Could one make a smaller film than Ozu? Denis clearly thinks so. If Ozu’s rigid, extraordinary formalism of composition, gesture, and montage creates a metaphysics of flow and transience, Claire Denis’ film is flow, the immediate sensation and not the orchestration to create it. Everything is in passing, is in movement, but in being so is all the more powerful: Alex Descas’ weighty, three-dimensional presence that helps bring the film down to the realm of the physical; Colin’s hopeful but menacing views of the hallway leading to two apartment doors, one lit up (and presumably that of the father and daugher’s place), the other dead; everyone’s clothing, so attuned to habit and self-reliance, so comfortably and regularly worn; and of course the film’s centerpiece, a spontaneous party of the four proto/partial/quasi family members in a closed bar during a rain storm after a breakdown.
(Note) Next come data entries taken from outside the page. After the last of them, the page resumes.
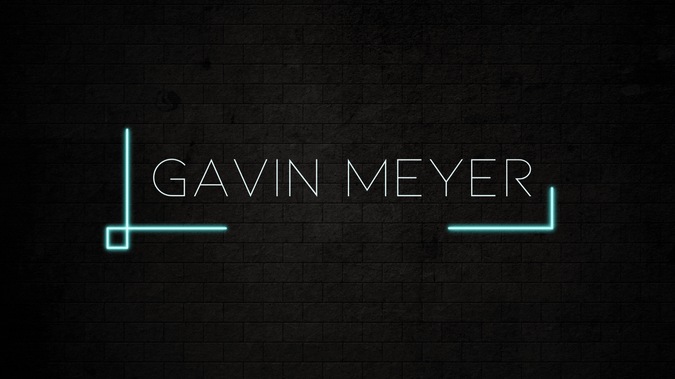 Gavin Meyer: Website Redesign
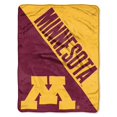 thumbnail image 1 of NCAA Minnesota Gophers ?Halftone? 46?x 60? Micro Raschel Throw, 1 of 2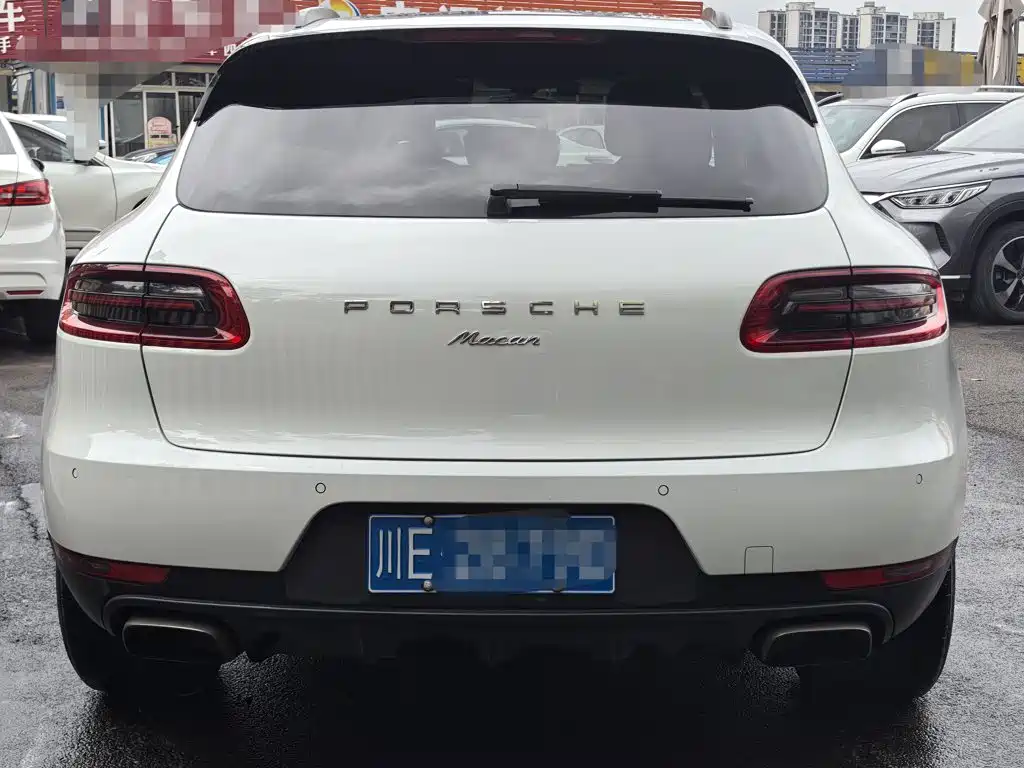 Porsche Macan 2015 — фото 9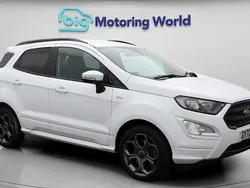 White Used 2022 Ford Ecosport ST-Line SUV | £13,000 (Fair price)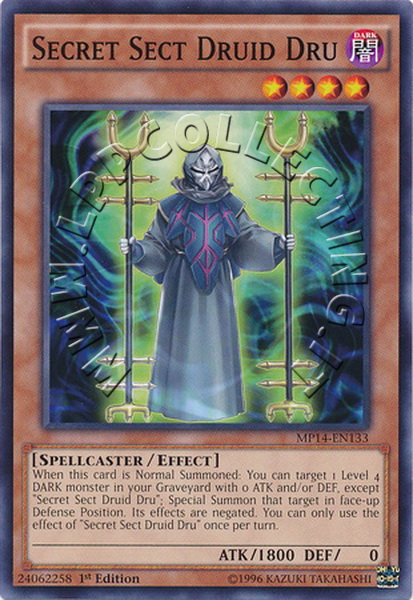 Secret Sect Druid Dru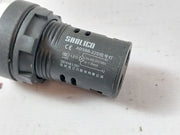 Lot of 6X Sanlico ad58b-22d power indicator pilot signal lamp/signal light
This masterful scene’s series of looks and touches, of desire and affection all expressed but all unresolved because everyone feels so strongly about themselves and their own situation, carries the sensual, emotional impact that Denis sustains in an undertone throughout, seen in Diop’s affectionate smiles, Descas’ stony, thoughtful silences, the small curl in the front of Nicole Dogue’s short hair, and Colin’s natural look of zealous unreliability. With so much observation and so much interiority, we wait for the characters to stop holding back to watch and instead take a direct plunge into the flow Denis shows them to be a part of. In fact, this may very well be the reason why there are some unexpected references to protests and Third World debtors in the film: in a world where everyone shares a degree of the same space and sensation, but keeps their thoughts and impressions to themselves, only activism can really change things, even if that agency is expressed simply through the result of a young woman finally deciding to get married.